Click here for information about the CHP+ services that require prior authorization (navigation notes: you can use CTRL F and the filter functionality to search by procedure code). Please note that all services rendered by a non-participating provider require authorization for payment; the only exception to this is urgent and emergent situations as defined in the Provider Manual.

For those services that require authorization, failure to request authorization will result in an administrative denial. We cannot retrospectively deny benefits for treatment that received prior authorization except in cases of fraud, abuse, or if the member loses eligibility.

Please click here for information about the CHP+ pharmacy benefit, formularies, and the process by which to request authorization for medications.

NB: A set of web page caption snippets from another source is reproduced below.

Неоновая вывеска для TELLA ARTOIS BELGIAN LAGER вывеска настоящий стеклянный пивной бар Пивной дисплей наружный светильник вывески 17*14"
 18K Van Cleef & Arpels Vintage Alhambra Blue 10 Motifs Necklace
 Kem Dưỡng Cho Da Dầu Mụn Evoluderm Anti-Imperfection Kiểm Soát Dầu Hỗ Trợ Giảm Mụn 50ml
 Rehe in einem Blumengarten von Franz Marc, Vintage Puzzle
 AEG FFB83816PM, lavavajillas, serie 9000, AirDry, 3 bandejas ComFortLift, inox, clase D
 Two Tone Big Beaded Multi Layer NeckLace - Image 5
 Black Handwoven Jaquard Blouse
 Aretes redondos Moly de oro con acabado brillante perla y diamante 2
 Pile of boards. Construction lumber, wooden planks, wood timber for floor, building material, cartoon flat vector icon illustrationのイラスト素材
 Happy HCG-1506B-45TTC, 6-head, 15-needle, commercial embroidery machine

Requesting Reauthorization for Continued Services

All requests for ongoing services beyond the initial authorization require reauthorization. Please complete and submit the appropriate prior authorization form and fax as indicated above at least one business day prior to the expiration of the previous authorization. Providers are responsible for tracking their authorization start dates, end dates, number of units used, and member eligibility. Providers must phone or fax clinical information supporting the medical necessity of the continued stay within one working day of the request for information from Colorado Access.

If a request for extended length of stay is denied by a medical director, the provider and attending practitioner will be notified and may request a peer-to-peer review within one business day. A request for a peer-to-peer review is not considered a complaint or an appeal.